§ **Task item**
Go to the line with "5PCS STM32L451VET6 452" in the material below and copy from there through the line with "K Swiss white shoes", exactly. Pictures are not copied.

§ **The input**
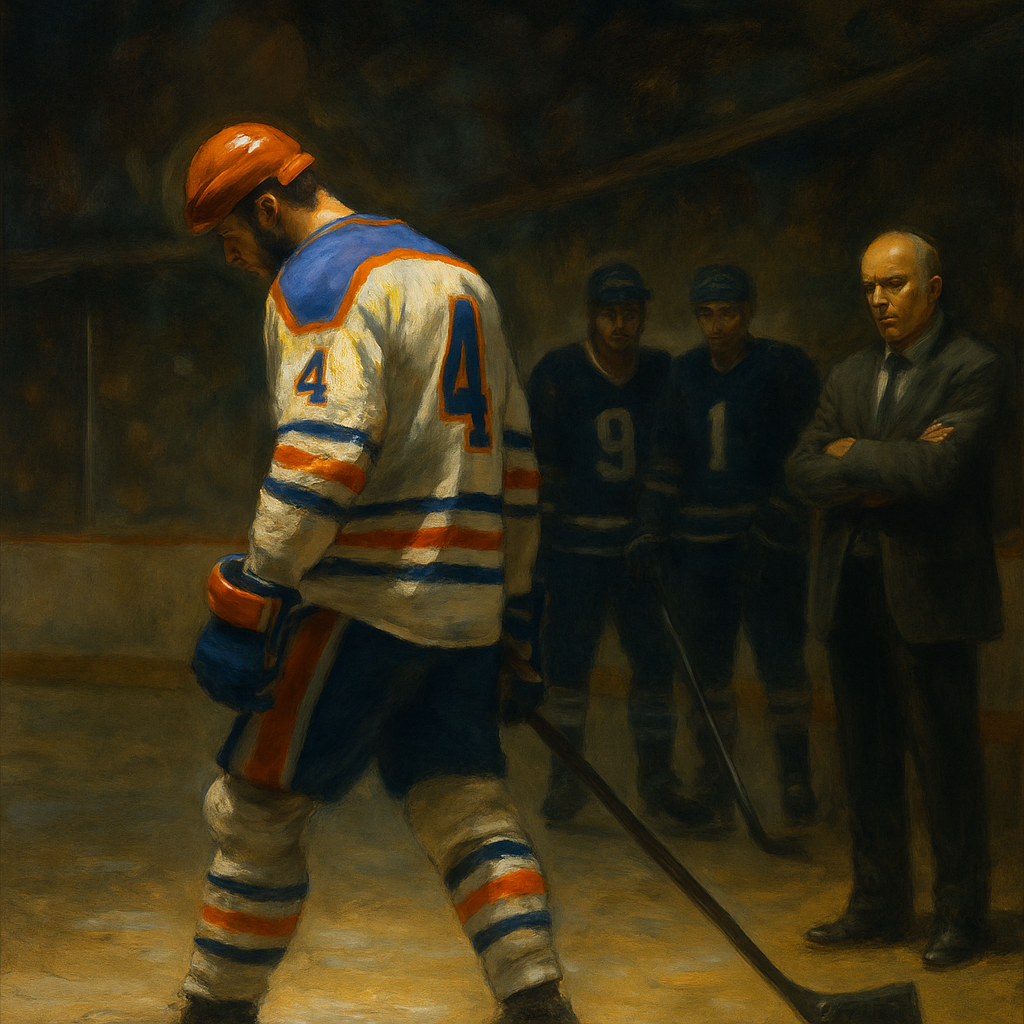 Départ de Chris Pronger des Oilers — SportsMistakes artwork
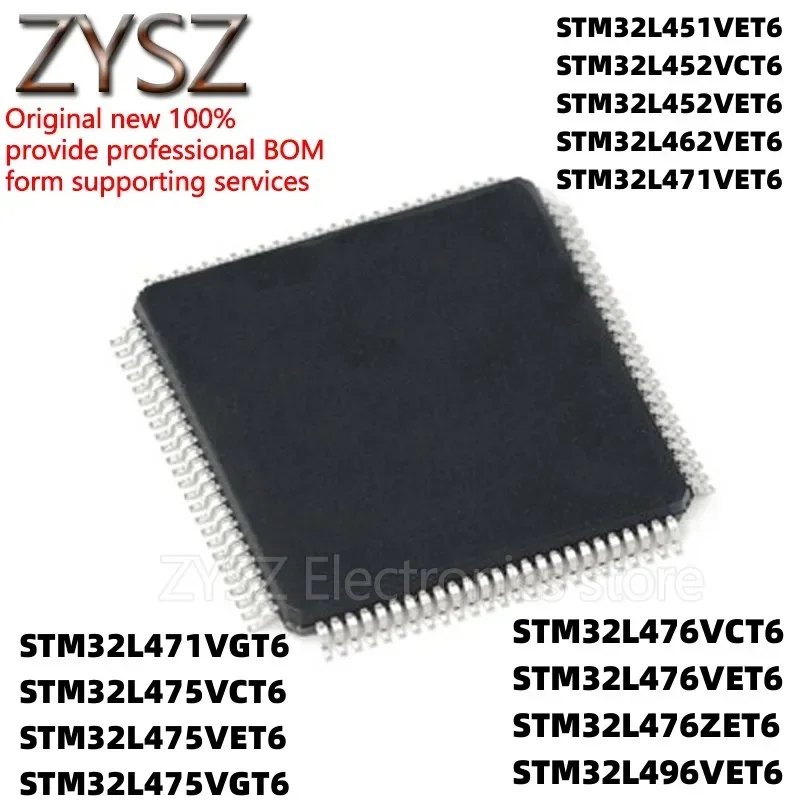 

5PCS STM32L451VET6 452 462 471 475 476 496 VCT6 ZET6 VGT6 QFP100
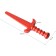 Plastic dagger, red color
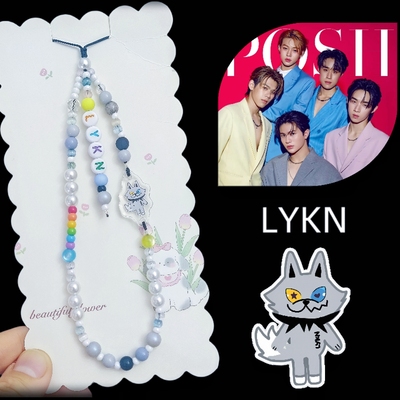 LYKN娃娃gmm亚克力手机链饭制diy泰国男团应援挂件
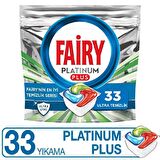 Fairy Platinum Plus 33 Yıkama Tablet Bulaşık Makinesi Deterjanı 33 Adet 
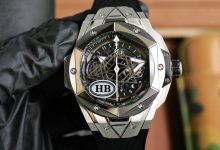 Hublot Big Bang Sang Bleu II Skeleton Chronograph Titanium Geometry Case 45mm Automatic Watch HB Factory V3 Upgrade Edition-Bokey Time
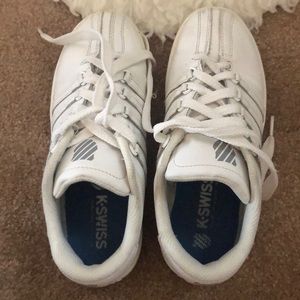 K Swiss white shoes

--

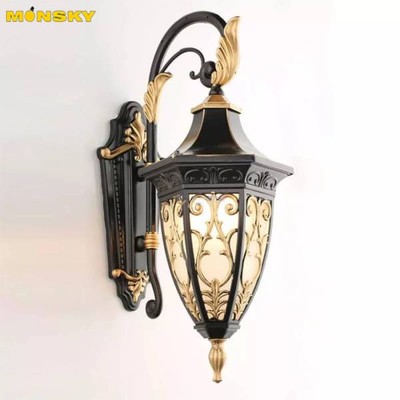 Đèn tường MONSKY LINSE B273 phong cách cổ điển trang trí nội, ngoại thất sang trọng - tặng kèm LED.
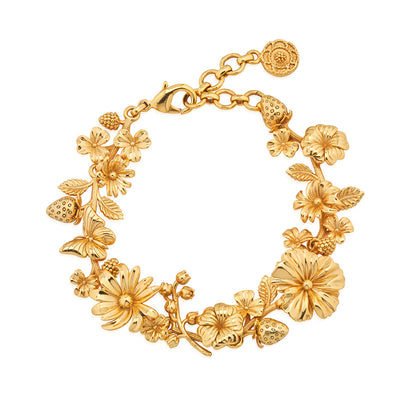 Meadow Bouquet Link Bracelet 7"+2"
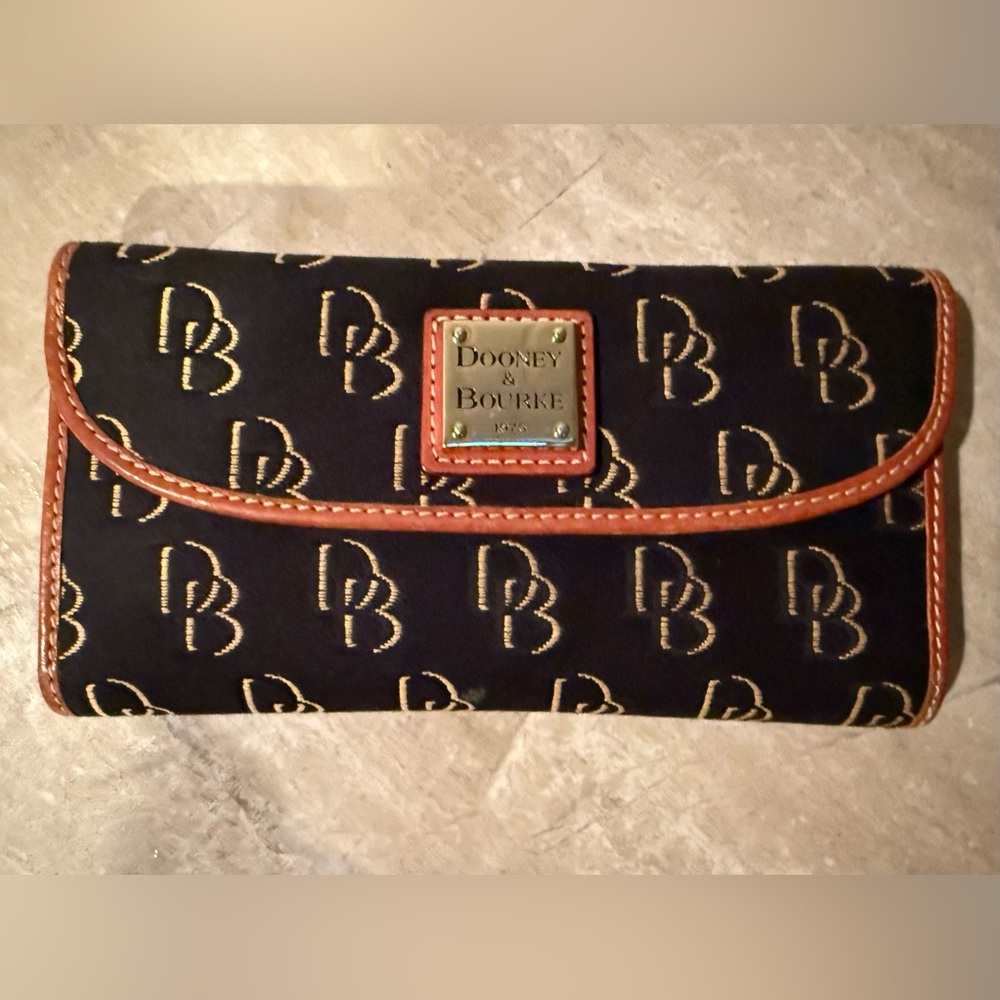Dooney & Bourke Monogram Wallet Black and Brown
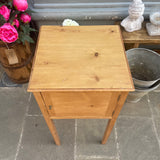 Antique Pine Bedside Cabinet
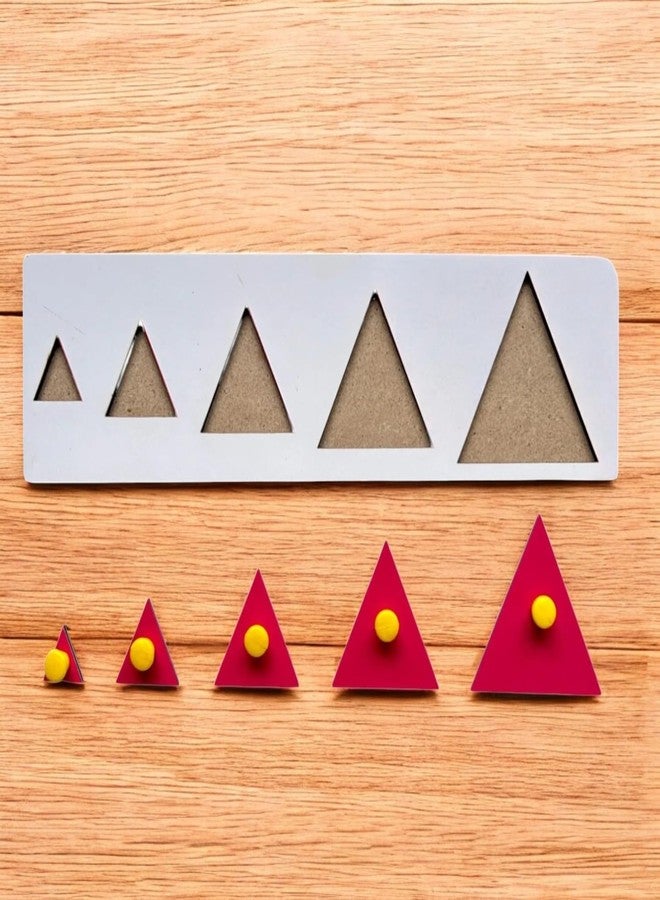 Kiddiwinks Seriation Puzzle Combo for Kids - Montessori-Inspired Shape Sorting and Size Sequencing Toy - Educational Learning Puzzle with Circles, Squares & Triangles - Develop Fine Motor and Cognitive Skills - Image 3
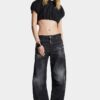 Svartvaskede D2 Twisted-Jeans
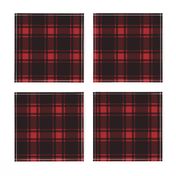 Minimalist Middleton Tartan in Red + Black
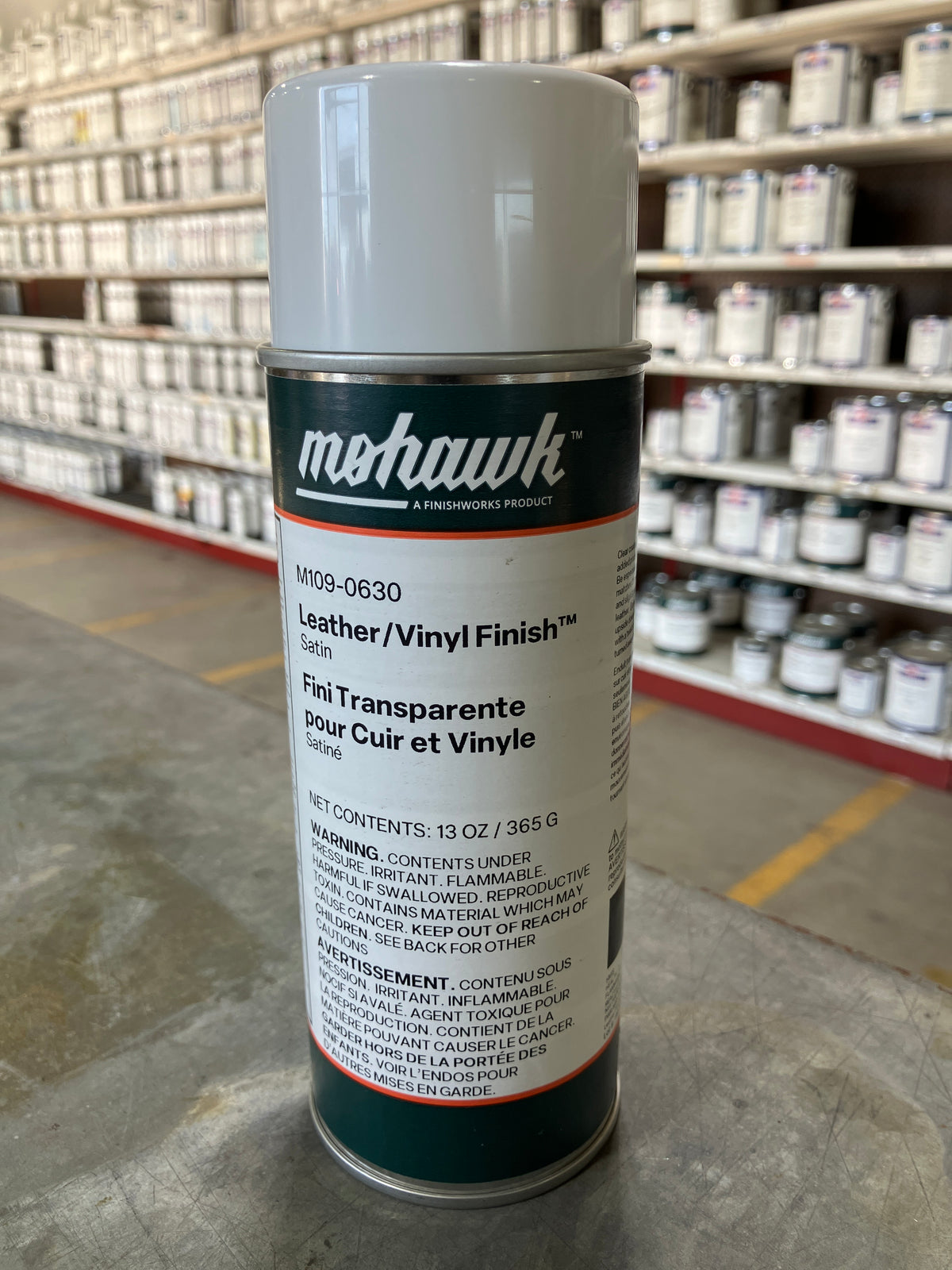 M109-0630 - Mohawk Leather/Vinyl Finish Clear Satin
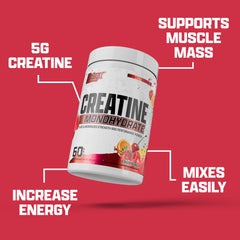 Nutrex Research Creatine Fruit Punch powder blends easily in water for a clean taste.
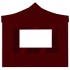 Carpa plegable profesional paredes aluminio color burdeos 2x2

§ **Output of the task**
5PCS STM32L451VET6 452 462 471 475 476 496 VCT6 ZET6 VGT6 QFP100
 Plastic dagger, red color
 LYKN娃娃gmm亚克力手机链饭制diy泰国男团应援挂件
 Fairy Platinum Plus 33 Yıkama Tablet Bulaşık Makinesi Deterjanı 33 Adet 
 Hublot Big Bang Sang Bleu II Skeleton Chronograph Titanium Geometry Case 45mm Automatic Watch HB Factory V3 Upgrade Edition-Bokey Time
 K Swiss white shoes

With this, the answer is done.